St. Patrick's Historic Catholic Church, Toledo, Ohio


I could be in Krakow, Poland, admiring the magnificent Saint Mary’s Cathedral, where Pope John Paul preached, or in Prague, Lviv, Budapest or Rome, Italy. But I am in old downtown Toledo, Ohio, marveling at St. Patrick’s Historic Catholic Church, one of the oldest in the city. I’ve passed it many times, taking my daughter to and from work. Today I stopped in to take a closer look.

It’s a Gothic cathedral, in the European tradition, smaller but as grand as any I've seen around the world. It has a magnificent 240 foot spire, a complex cylander-shaped beamed ceiling supported by marble columns, a stunning nave, detailed carvings and an elegant entryway, and at least 10 stained glass windows. The church goes back to the early 1860s and the founding of the city. Fire destroyed the original site in the early 1860s; construction on the present church began in 1892.

Today St. Patrick’s is surrounded by public housing, warehouses, industrial sites and trashy lots.

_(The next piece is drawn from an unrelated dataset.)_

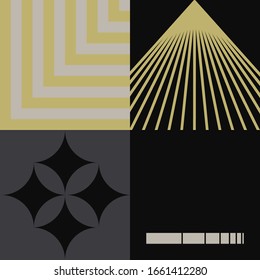 Abstract geometric vector pattern made with simple shapes and pastel vintage colors. Geometrical composition, useful for web design, business card, invitation, poster, textile print, background.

It’s seen fire and rain, dwindling numbers of parishioners, urban blight and neighborhood deterioration. It has survived every tragedy to emerge stronger than ever.

After a 1980 fire, the grand copper-domed steeple was rebuilt, soaring into the heavens, summoning the guardian angels who have protected it through the ages. The church has a new terrazzo tile floor inlaid here and there with Irish shamrocks, testimony to its Irish Catholic roots in mid-nineteenth century Toledo. It has a new organ and, as important, strong organizational support, a preservation committee, well-attended weekly services and a myriad of activities. A firefighters’ memorial adds an important element to the church's interior, and reflects St. Patrick's ongoing commitment to the city's workers.

Irish immigrants “built the city from the bottom up,” one history says. They came to the Midwest hoping to farm, but ended up working as laborers. The Irish built the Miami and Erie Canals, then the railroads. They may have been “more interested in saloons than in churches,” as a church historian puts it, but the Irish newcomers, here as elsewhere, built their community around the church. It was their centerpiece, their refuge and salvation. Irish women, who worked as maids or in domestic services, made sure of it.

St. Patrick’s glistens in the summer sun against a blue sky and floating clouds. It looks peaceful and elegant, an oasis in an ever-changing urban landscape. Through good times and bad, St. Patrick’s has remained a steadfast sentinel to persistence and to Toledo’s Irish heritage and early history.